Brian Cox is both dismayed and optimistic about the future of our species. For dismay, look no further than Donald Trump’s hair. “I saw some rally where he was talking about his favourite hairspray and berating scientists who told him that by spraying out of the can you could have an impact on the atmosphere,” Cox recalls. “And he told the gathered throngs of supporters, ‘Come on folks if the windows are closed how can you possibly have any impact on anything outside of your own space, your own apartment?’ Such a deep fundamental... and of course the crowd cheered. And to watch this.” His voice trails off.
But Cox, as millions of science fans know from his television and radio shows, is an optimist. He speaks to WIRED about the importance of humility, our place in the universe and fighting back against anti-science rhetoric.
I think politicians often make the mistake of viewing society as a series of groups competing for finite resources. I think that’s the wrong way to think about it. A society needs to be viewed as a single organism. It seems to me self-evident that understanding more about nature makes your society better. The opposite is understanding less about the natural world and that can’t be right. History tells us that’s not correct.
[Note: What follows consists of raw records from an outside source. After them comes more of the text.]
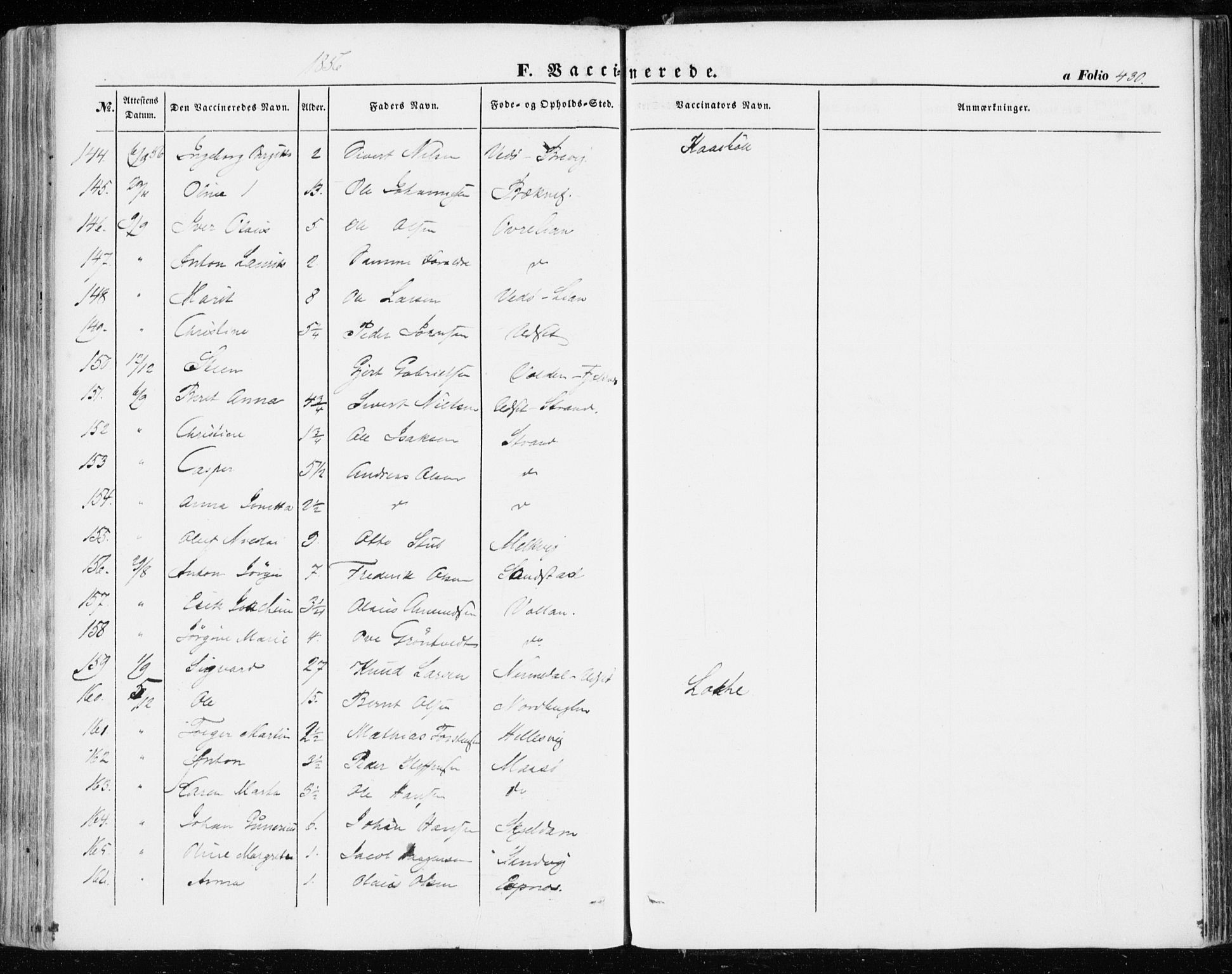 Ministerialprotokoller, klokkerbøker og fødselsregistre - Sør-Trøndelag, AV/SAT-A-1456/634/L0530: Parish register (official) no. 634A06, 1852-1860, p. 430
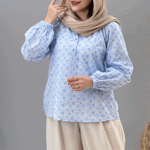 تصویر  شومیز خامه دوزی جلوبسته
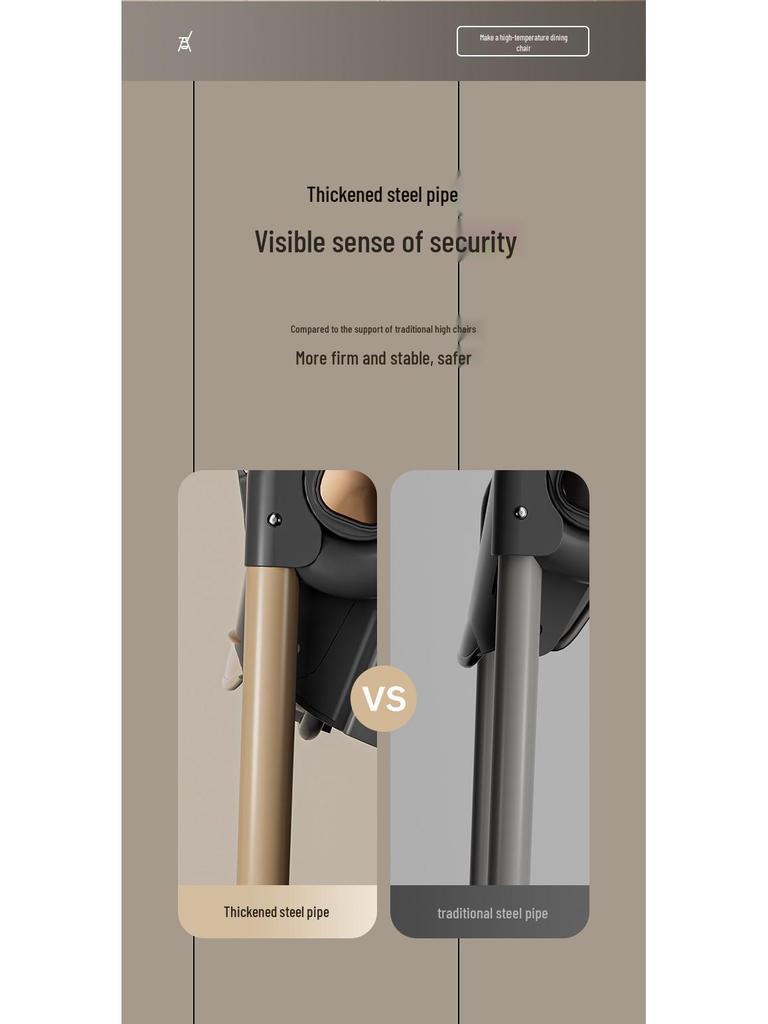 Многофункциональный регулируемый детский обеденный стул с двухслойным подносом: Складной и подходит для сидения или лежания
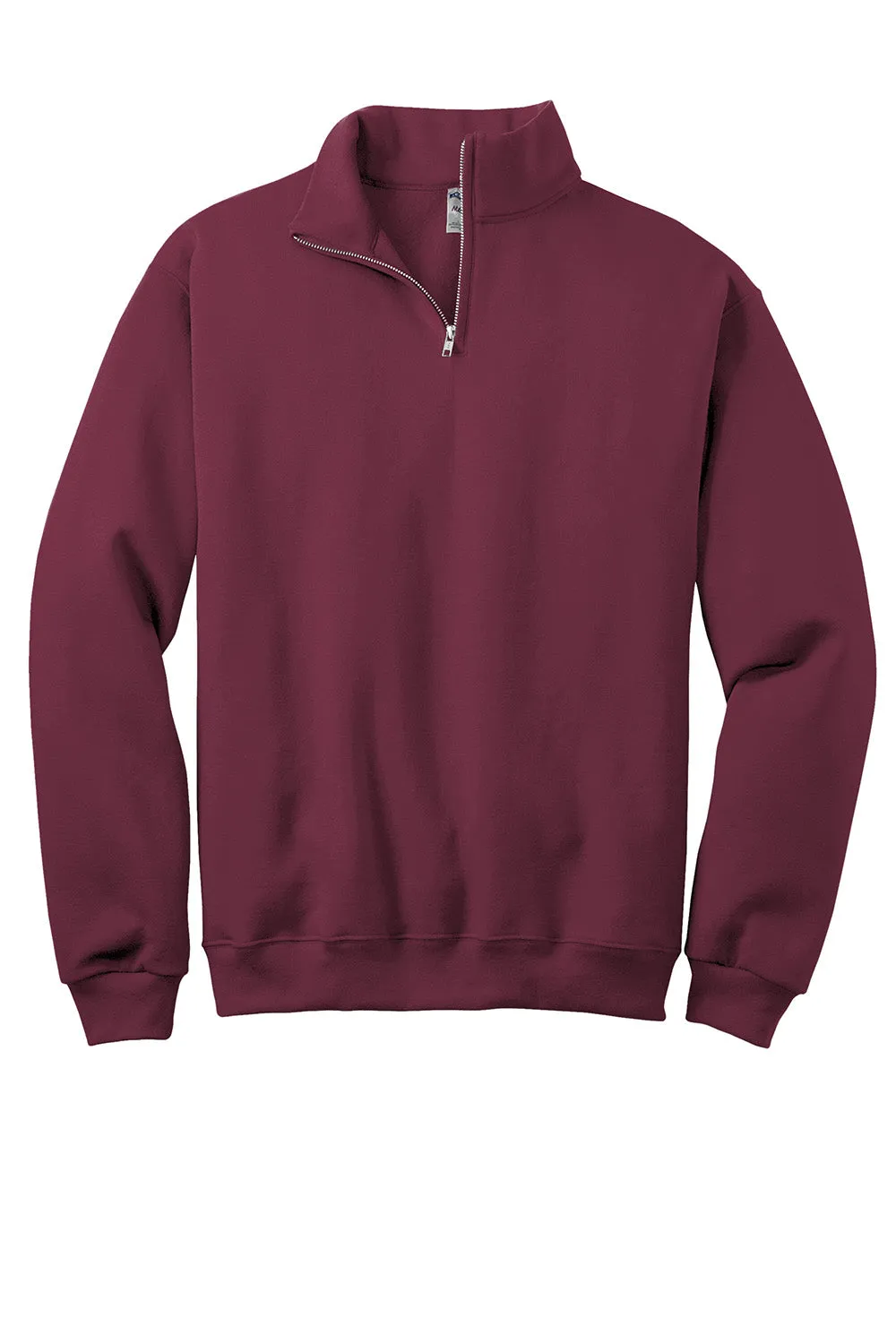 Jerzees Herren NuBlend pillingresistente Fleece 1/4-Zip Sweatshirt - Kastanienbraun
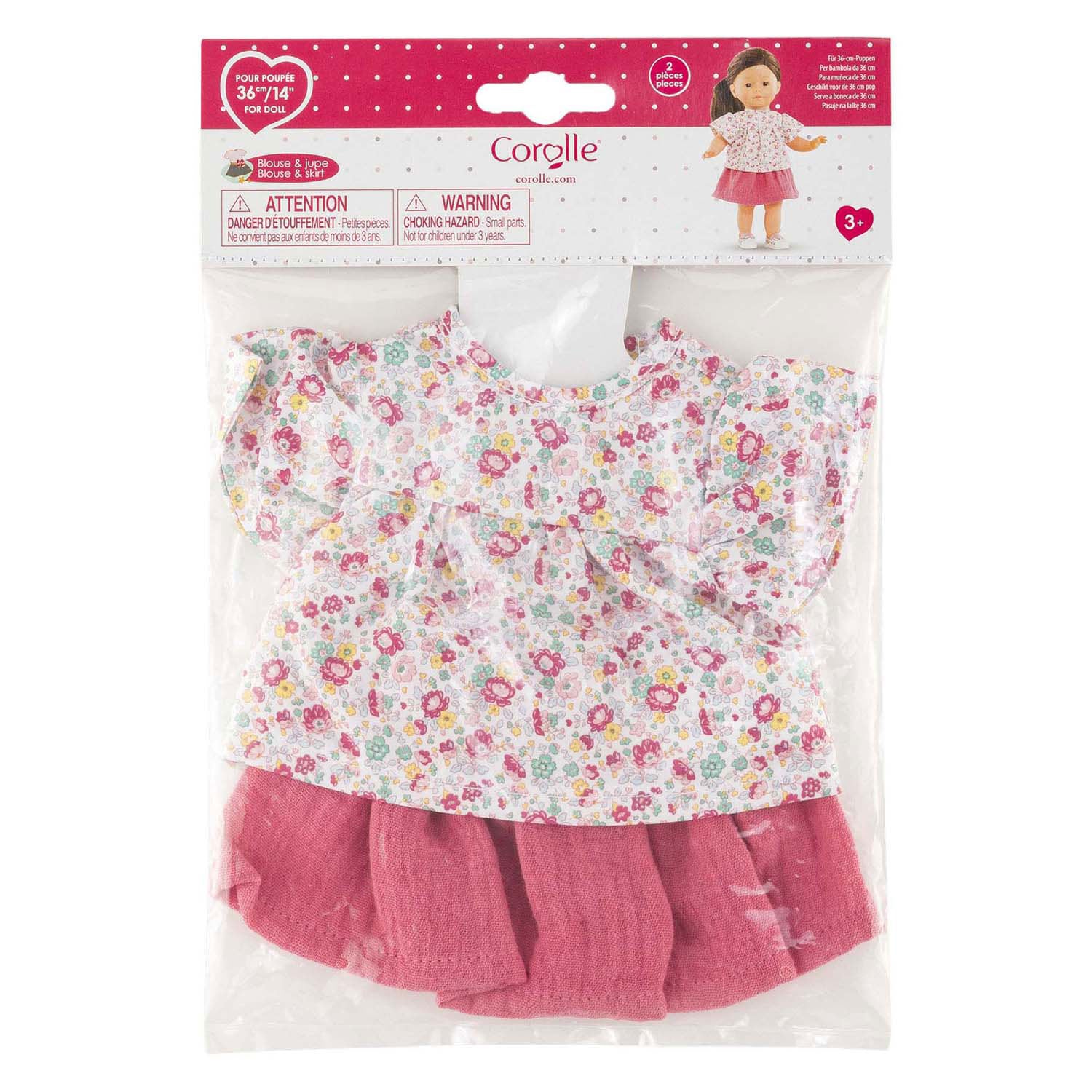 Corolle ma poppenblouse en rok - 36cm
I think the chances of detecting microbial life beyond Earth are high. If we went to Europa and went to Enceladus and went to Mars and had a good look, I wouldn’t be surprised if in one or more of those places you find microbes.
But whether that life becomes multicellular and ultimately intelligent is an entirely different question. These are profound questions that I think not only inform our understanding of the universe, but understanding of our place in it. It’s quite possible that civilisations are very rare, and that has political ramifications. Let’s imagine that we start to come to the view that there are very few places like Earth, with a civilisation on it. I think that’s a necessary step in our political evolution, because at some point we’ve got to find some direction, some way of running this world that is not fragmented. It’s self-evident, it’s bloody obvious that we have to do that.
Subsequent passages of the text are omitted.